A cultural heritage protection team has recently discovered a stone-arched tunnel located near an Achaemenid embankment dam in southern Iran.
“A stone-arched tunnel, which is 1.5 meters in height, has recently been found adjacent to a historical dam that is named after the Achaemenid king Darius (the Great) in Marvdasht plain of Fars province,” a local official said.
So far, 40 meters of the tunnel, which is believed to be once an aqueduct, have been explored, the official added.
“However, a careful study by heritage and cultural experts is expected to reveal the original usage of the tunnel.”
Archaeologists believe embankment dams constructed during the Achaemenid era (c. 550 – 330 BC) and their role in water management is still a source of inspiration for modern architects and engineers.
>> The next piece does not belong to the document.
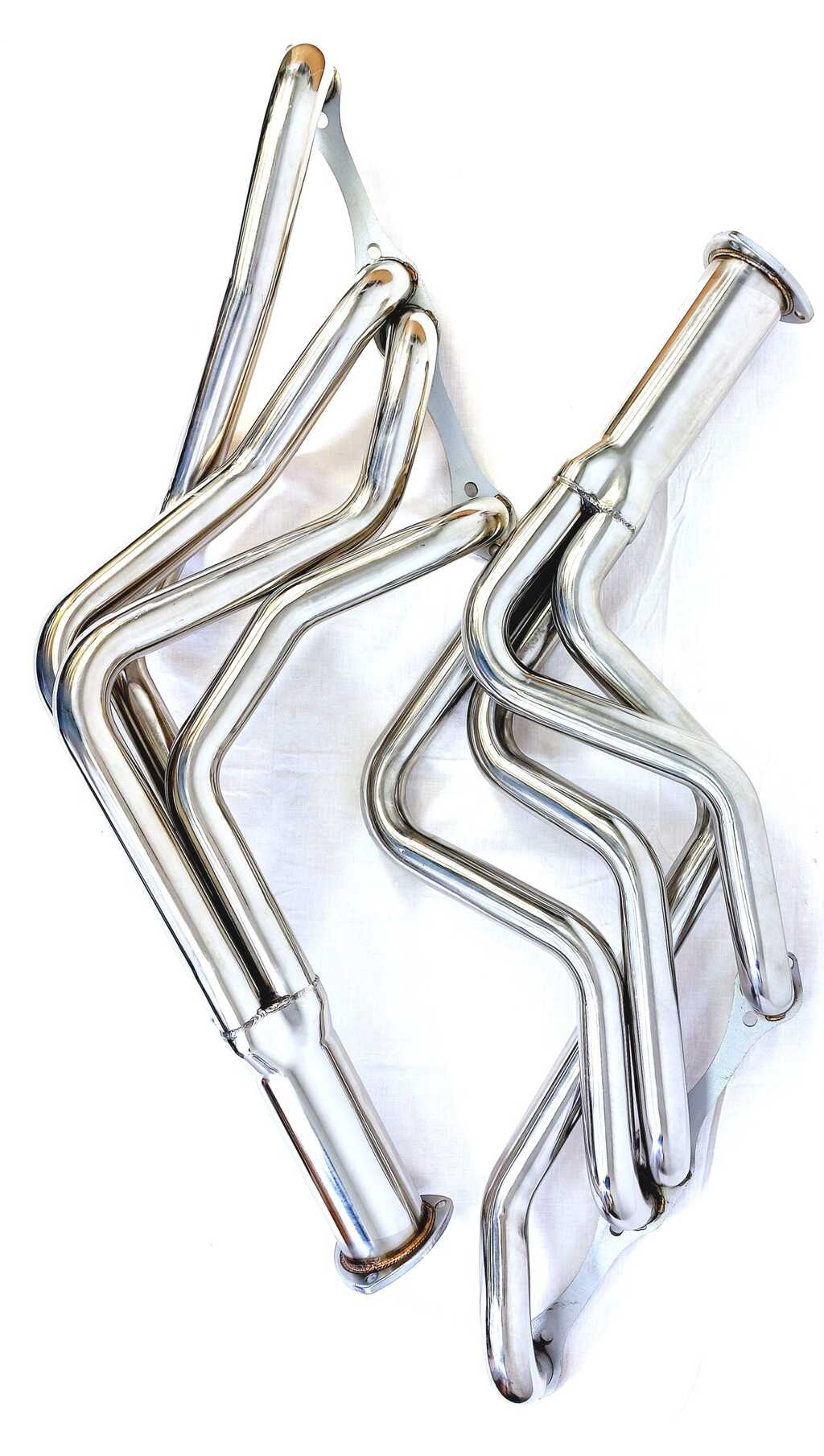 Headers Small Block Chevy (SBC) Lång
“Achaemenid-era embankment dams were built with such knowledge, extent, and durability that after 25 centuries, [modern] earthen dams are still built per the Achaemenid engineering model,” Hamia Karami says.
The archaeologist pointed to “Bostan Khani” Dam, which is registered in the National Heritage list, as one of the “engineer masterpieces” the Achaemenids, saying: “Excavations and surveys on Bostan Khani Dam, as one of the engineering masterpieces of the Achaemenid period… can increase our knowledge and understanding of the methods and techniques of dam construction and architectural structure that is currently being practiced.”
Located on a branch of the Pulwar River, near the UNESCO-registered Pasargadae, the dam is designed to contain floods and store large amounts of water for public use as well as use in agriculture and horticulture.
The Achaemenid [Persian] Empire was the largest and most durable empire of its time. The empire stretched from Ethiopia, through Egypt, to Greece, to Anatolia (modern Turkey), Central Asia, and to India.
Building activity was extensive during the height of the empire, and of the several Achaemenian capitals, the ruins at Pasargadae and Persepolis are probably the most outstanding. Achaemenian sculptured reliefs and a great number of smaller art objects present a remarkably unified style for the period. Metalwork, especially in gold, was highly developed, and a variety of carefully executed examples survive.